John Brennan's Senate hearing: what we learned about CIA man
The man likely to become new CIA chief defends drone strikes, but says he's opposed to torture
JOHN BRENNAN, the man picked by President Obama to be the next director of the CIA, made a confident impression at his Senate confirmation hearing in Washington DC last night, the BBC’s Jonny Dymond says. The 57-year-old, who was a senior CIA official under President George W Bush prior to becoming Obama’s chief counter-terrorism adviser, "spoke clearly and often with vigour" as he was grilled over a range of contentious issues including the Unites States’ use of drones to kill Americans working with al-Qaeda and the abduction and torture of suspected terrorists. Dymond says Brennan is almost certain to be approved by the panel of senators at the hearing and by the full Senate at a later date. Here are five things we learned about Brennan from the hearing:
He believes the US only uses drones to kill enemies who pose an "imminent" threat: The US has ordered about 350 drone strikes in Pakistan since 2004, but Brennan denied suggestions the US was carrying out targeted killings of suspected terrorists to punish America’s enemies for "past transgressions". He said drones were only used to target people when they posed an imminent threat. "We only take such actions as a last resort to save lives when there's no other alternative to taking an action that's going to mitigate that threat," he said. Brennan also said the US was careful to avoid civilian casualties.
He defended the killing of US citizen Anwar al-Awlaki: The radical Muslim cleric with links to al-Qaeda, who enjoyed joint Yemeni and US citizenship, was killed in a drone strike in 2011. Brennan said al-Awlaki's involvement in “efforts to kill Americans” made him a legitimate military target.
He’s opposed to torture techniques: Sleep deprivation and waterboarding – a form of torture which makes the subject feel as if they are drowning – were "popular" ways to extract information from suspects during the George W Bush presidency, Al-Jazeera says.
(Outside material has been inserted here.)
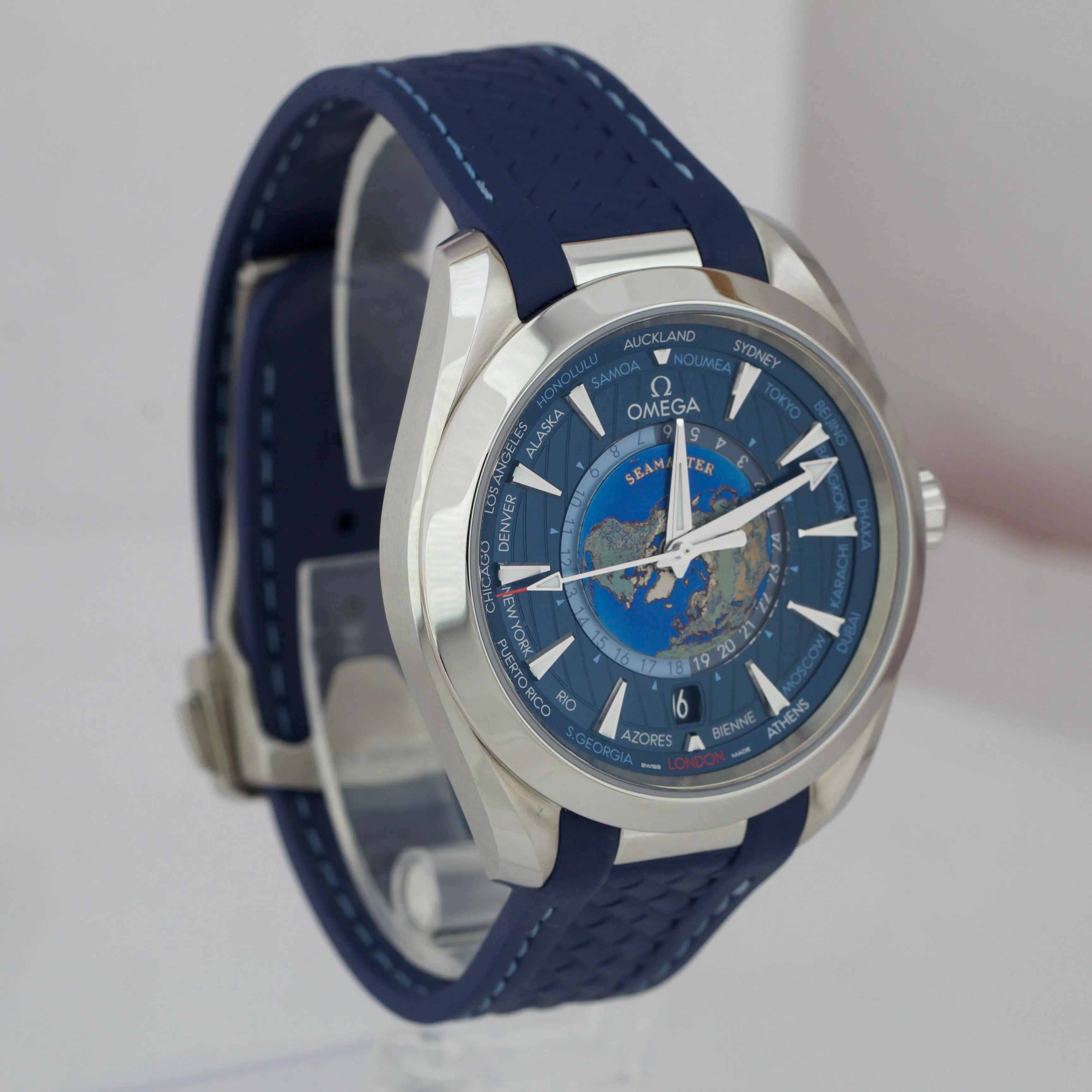 2021 NEW Omega Seamaster Aqua Terra GMT Worldtimer 220.12.43.22.03.001 B P Watch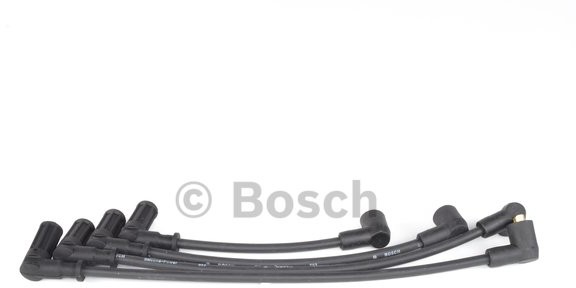 BOSCH Komplet przewodów zapłonowych 0 986 356 717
Brennan told the hearing he "did not take steps to stop the CIA's use of those techniques" because he was “not in the chain of command of that programme”. He said he had expressed his “personal objections and views [about the techniques] to some agency colleagues".
He wants the CIA to go back to its traditional role of gathering and analysing intelligence: A Brennan-led CIA is "likely" to hand over duties such as "running a global paramilitary air force" and operating "detention sites" to the Pentagon, the Economist says. At the hearing he "described a dangerous world which meant that America needed good intelligence and analysis more than ever” and seemed “anxious” to steer the CIA back to that role.
He looks the part: The Economist says Brennan is "a casting agent’s idea of a spy boss" thanks to his "hunched shoulders, pugilist’s jaw and slightly menacing good manners".